A partir de certo momento em minha vida, passei a ser um questionador, um "desajustado", contra dogmas assumidos irrefletidamente e repetidos como "clichês" sem sentido.
Questões tidas como verdades incontestáveis e que me aparentavam ser uma face hipócrita da cultura humana,
Em algum período vi no capitalismo a culpa de todas as desgraças,
O dinheiro atribuído às coisas era cruel, injusto e incoerente.
Mas, percebi com o tempo, que o valor monetário das coisas é resultante de certas condições: a primeira é a exclusividade. Se algo não pode ser encontrado com facilidade, torna-se caro. Outro fator é a dependência. Se nos sentimos dependentes de algo, aceitamos pagar por isso, preços elevados, exigindo-nos grandes esforços. Ainda existe o desejo, que torna coisas aparentemente sem sentido, em produtos caros e quase inacessíveis.
Pensando nessas condições, podemos inferir que existem situações que nos tornam dependentes de fato, por estarem ligadas às necessidades básicas para a sobrevivência, como a alimentação, a moradia, a saúde e a segurança. 

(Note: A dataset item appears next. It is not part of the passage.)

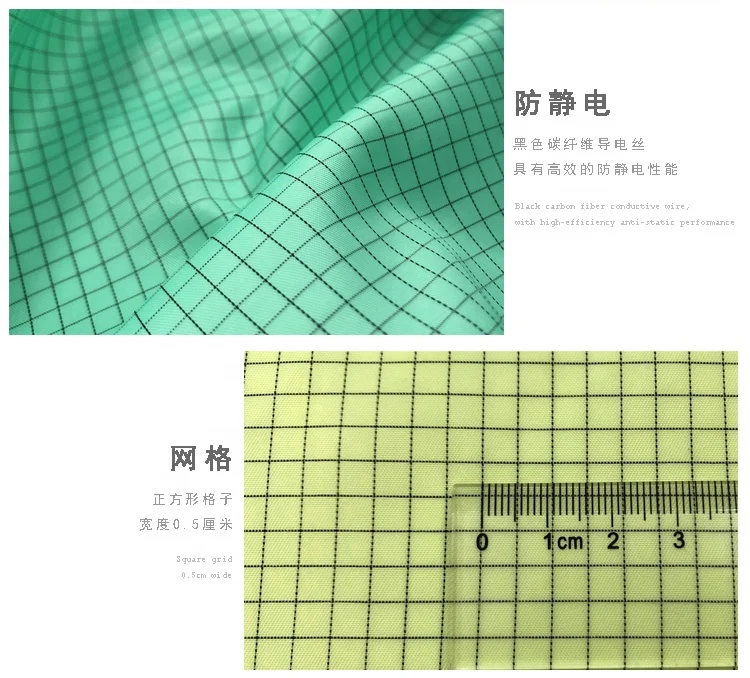 
 Пыленепроницаемая проводящая антистатическая защитная ткань ESD из полиэстера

Mas existem outras necessidades, essas relacionadas a valores atribuídos pela cultura em que estamos inseridos, as quais criam as percepções para a exclusividade e para os desejos.

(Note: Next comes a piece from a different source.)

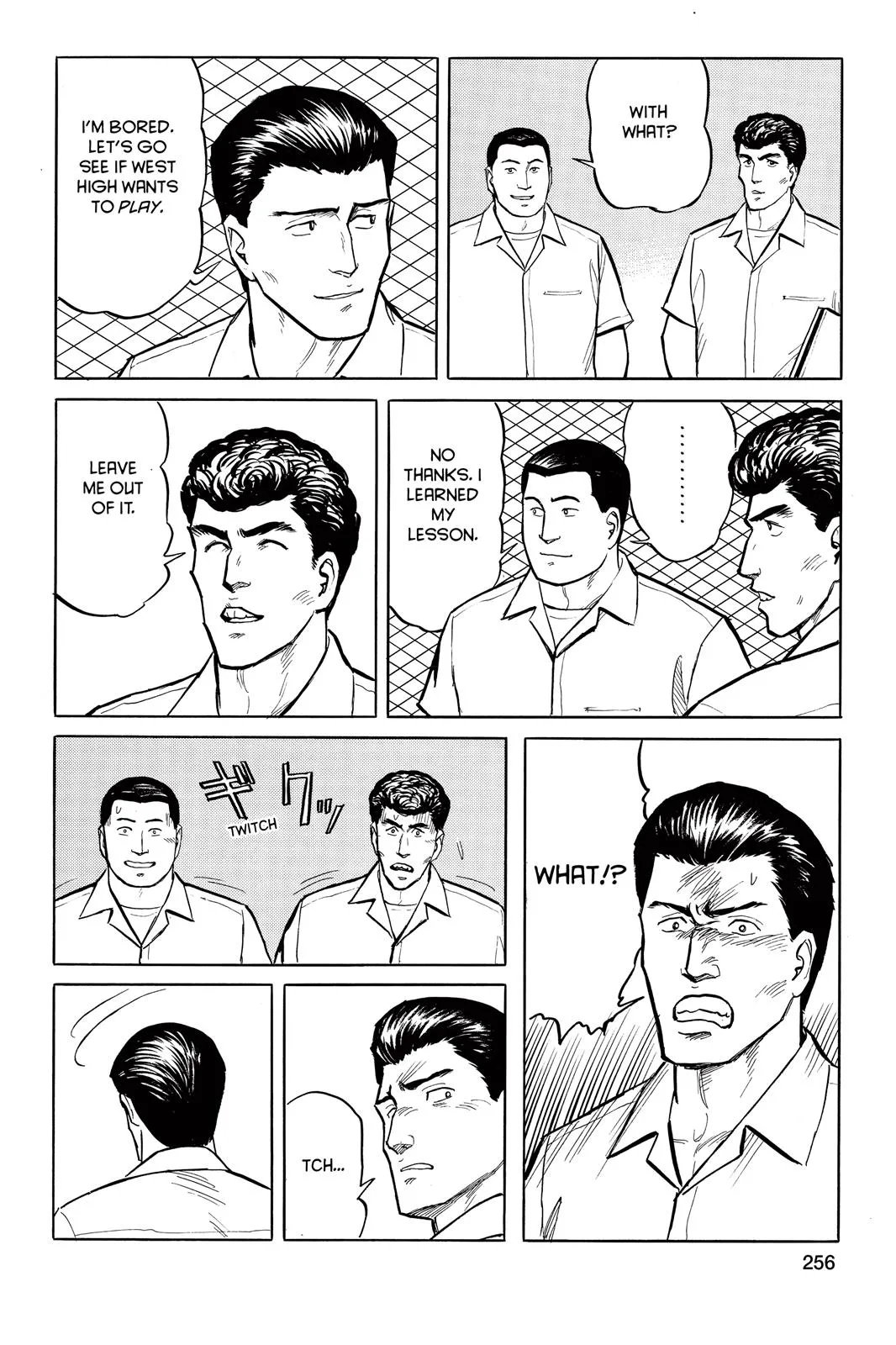 Read Parasyte (en) Manga Online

É nesse ponto que me volto para o texto citado.
O autor menciona que o sistema de valores culturais estaria na raiz das manifestações e comportamentos sociais.
Daí percebo uma ligação de uma observação que eu intui há algum tempo, sobre uma possível ligação entre aquilo que valorizamos e os resultados disso nas mazelas de nossa sociedade.
Se nossa sociedade valoriza produtos importados, por exemplo, fica claro que nossa produção interna perderá valor, força e se extinguirá.
Da mesma forma, quando investimos parte importante de nossos recursos na compra, por exemplo, de um automóvel, abrindo mão de investimentos em nossa educação, é de se supor que os automóveis sejam cada vez mais caros, enquanto a educação será desvalorizada e perderá sua qualidade.
É claro que não podemos pensar de forma individual, mas, a soma de comportamentos semelhantes pode ter resultados devastadores, criando desemprego em certos setores, sobretudo aqueles ligados a produtos e serviços desvalorizados culturalmente, mitas vezes fonte de renda de muitas famílias.
Somos, portanto, responsáveis pela sociedade que criamos. 
Isso também significa que temos nas mãos o poder de mudar, através de nossas decisões de compra.
Imagine se a sociedade passasse a rejeitar produtos de empresas que não prezam pela sustentabilidade e favor daquelas que respeitam esse quesito em seus meios de produção e comercialização?
Imagine se, ao invés de investirmos em automóveis, celulares sofisticados ou roupas de grife, procurássemos investir em educação, turismo e em projetos socioambientais?
É verdade que somos bombardeados com informações carregadas de intencionalidades voltadas para a construção de valores culturais que não passam pela avaliação racional, mas, apenas se valem do apelo emocional.
Talvez possamos, portanto, mudar o mundo através de mudanças culturais que resultem em um novo comportamento de compra.
O mesmo vale para o planeta, sua preservação e melhoria na qualidade do meio ambiente.

O que podemos fazer?

A saída poderia ser, portanto, a adoção de medidas como as seguintes:

- usar a "razão" para a decisão do que consumir, mesmo que isso possa, num primeiro momento, nos tornar "estranhos" no ambiente em que vivemos;
- priorizar o investimentos naquilo que de fato necessitamos para uma vida digna, respeitando a sustentabilidade;
- buscar a educação de qualidade em lugar de aquisições pela vaidade;
- investir em setores que promovam o sustento de famílias, erradicando a pobreza, a miséria.

Ainda que tenhamos pouco a investir, o resultado de ações coletivas será capaz de mudar os valores culturais, o que promoverá uma mudança no mundo. O poder pode estar em nossas mãos, em nossos bolsos, em nossa conta bancária.

Uma revolução sem lutas, sem armas, mas, certamente vitoriosa, pois, a economia se alimenta de nossos recursos e precisamos ditar as regras, ao invés de viver numa situação como a presente, em que somos guiados por ela.





CAPRA Fritjof - "O Ponto de Mutação", edição 1982, p.182, Editora Cultrix.